A PLAN BY five major research universities to adopt 10 public schools in Boston is creaking along, despite school department hopes that the partnerships would be underway in the new year. If college officials are going to make a significant contribution to the city's schools, they must first adopt an urban sense of urgency.
In September, officials from Boston College, Boston University, Harvard, Tufts, and Northeastern announced a program to provide $10 million in funds and services to underperforming schools in Boston. The plan stemmed, in part, from intensive meetings over the summer between Mayor Thomas Menino and the presidents of the city's major private universities. Menino argued that university efforts to expand their campuses required a commensurate effort to build up Boston's public schools. Shortly thereafter, the college presidents announced the $10 million "Step Up" program. But last week, Acting School Superintendent Michael Contompasis complained that the campuses were moving too slowly to suit the school system.
Universities operate on their own internal clocks. Months pass between a bright idea and its appearance in a peer-reviewed publication. Urban schools, however, exist in the hurry-up world. In less time than it takes for a new faculty member at a university to be considered for tenure, more than half of the new teachers in the Boston schools will have quit their posts due to confusion or a perceived lack of support. State and federal education officials apply constant pressure in the form of standardized tests. Resources at the city's great universities could be key to better teacher retention and higher student achievement -- provided they arrive in sync with the school calendar.
On Jan. 4, the leaders of 10 struggling schools are scheduled to meet with university experts in the areas of public health, after-school programming, curriculum support, family engagement, and pedagogy. The plan, according to Deputy Superintendent Chris Coxson, is for the universities to step up in their individual fields of expertise and provide help across the board to the following schools: English High School; the Lewenberg and Curley middle schools; and the Agassiz, Winthrop, Chittick, Marshall, Russell, Elihu Greenwood, and Trotter elementary schools.

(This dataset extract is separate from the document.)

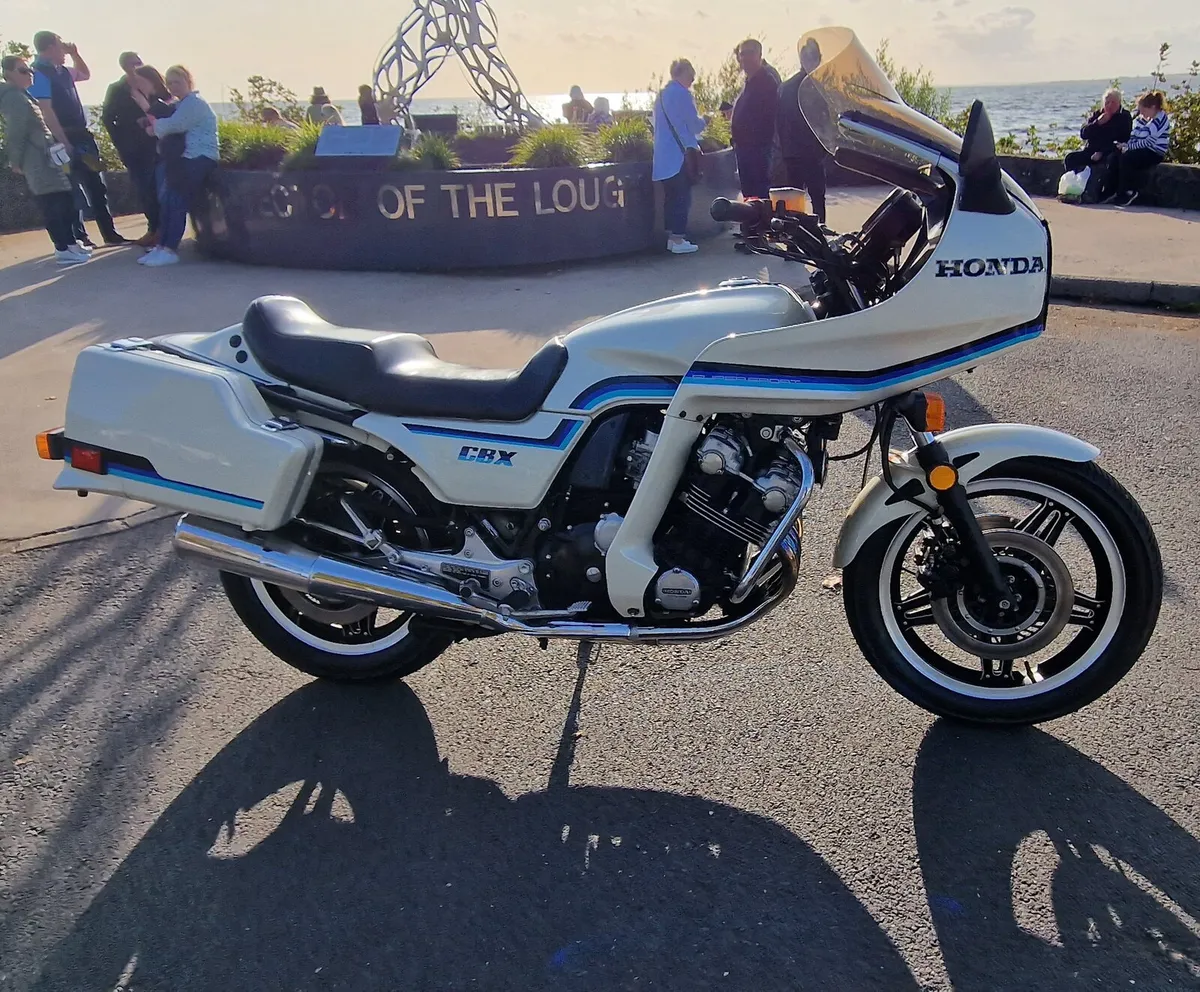 Honda CBX 1000 Pro Link 1982 - Image 2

The advantages of pairing private universities with individual public schools should not be overlooked in this effort to create a wide network of support services. Universities can still be surprisingly agile when it comes to competing for the best graduate students and faculty. Healthy competition among the colleges leads to stronger academic departments, bolder plans, and better-prepared students. Boston's public schools are striving along similar lines. Universities need to accept this new challenge as if their rankings depended on it.